Calculador como era, Walter pensó mientras caminaba alejándose, que quizá lo más conveniente sería buscar la manera de enganchar a otro para que mediante ese conducto se limpiara el terreno de dudas y peligros, sin ser él el directo responsable si problema alguno hubiera.

Su experiencia como navegante, bien le indicaba que las nuevas tierras no eran tan sólo por Inglaterra codiciadas. Francia, lo mismo que España y también Holanda, deseaban igualmente apropiárselas, realidad ésta que había traído una seria competencia en el terreno de la navegación, puesto que todos los reinos, estrictas órdenes a sus respectivos capitanes habían girado de hundir, sin que mediara aviso alguno ni contemplación de ninguna especie, a cualquier barco que portase bandera diferente a la del respectivo reino. Además, pensó ya preocupándose, existía también el muy serio problema de los piratas, mercenarios contratados por los reinos para hacer los trabajos sucios que resultaba inconveniente fueran realizados por navíos abanderados. El bien conocía a esos capitanes piratas muy proclives a jugar con dos o tres cartas, producto de dos o tres contratos celebrados con diferentes, e incluso en no pocas ocasiones, enfrentados reinos. Sí, pensó, la Reina tenía razón. Esa empresa era sumamente delicada, y había que irse con pies de plomo.

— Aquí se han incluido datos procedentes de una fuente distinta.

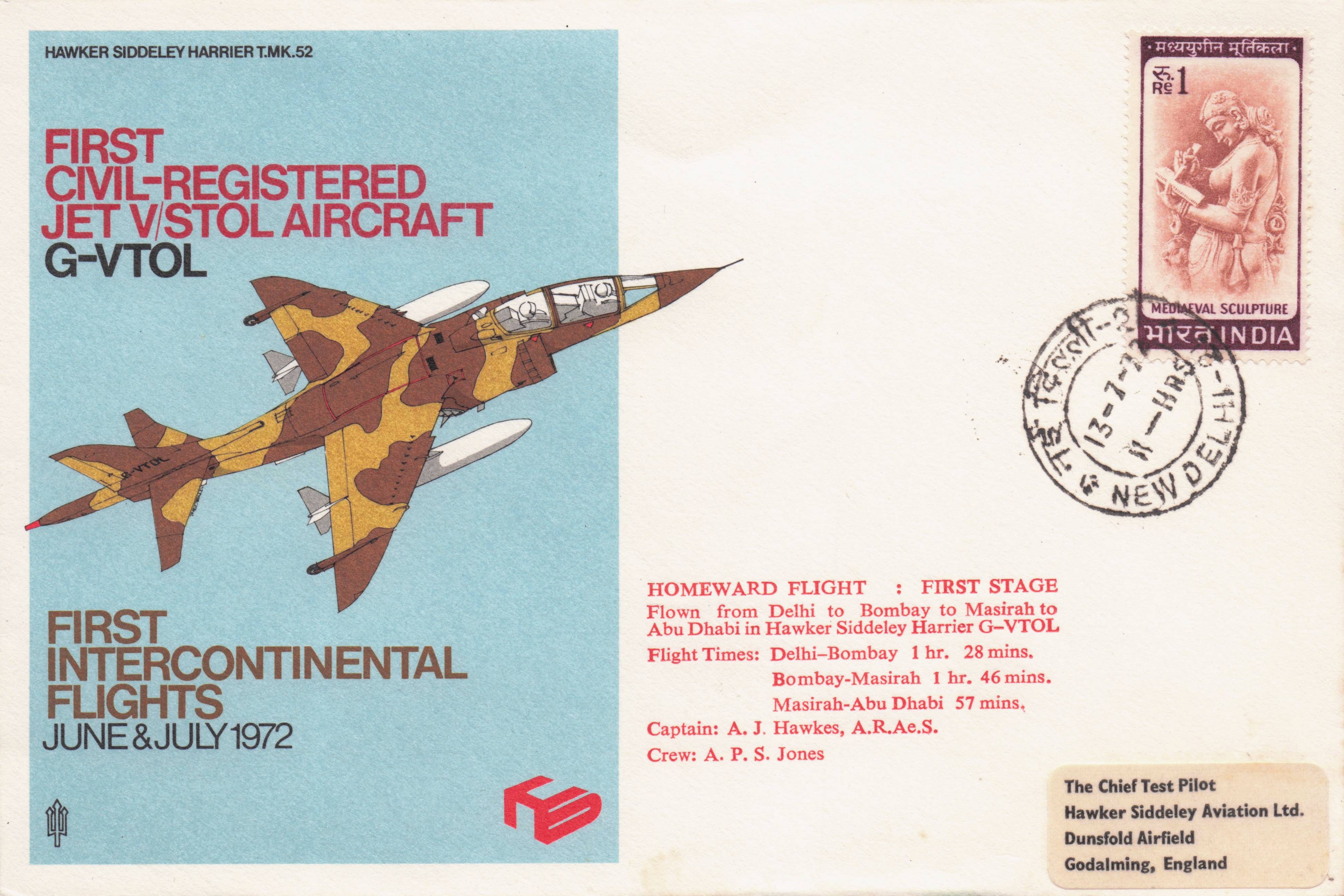 First Civil Registered Jet Aircraft New Delhi India Frank Flown FDC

A fin de cuentas, y después de haber realizado un amplio y sesudo trabajo selectivo, Walter Raleigh llegó a la decisión de que la persona ideal que le serviría a la perfección, no era otro que su hermanastro, Humphrey Gilbert, sujeto en quien podía depositar su confianza y del que no podía esperar malas jugadas. Hizo los arreglos pertinentes con el reino logrando que éste extendiera la tan imprescindible Célula Real por medio de la cual se permitía a su hermanastro establecer un asentamiento en las nuevas tierras.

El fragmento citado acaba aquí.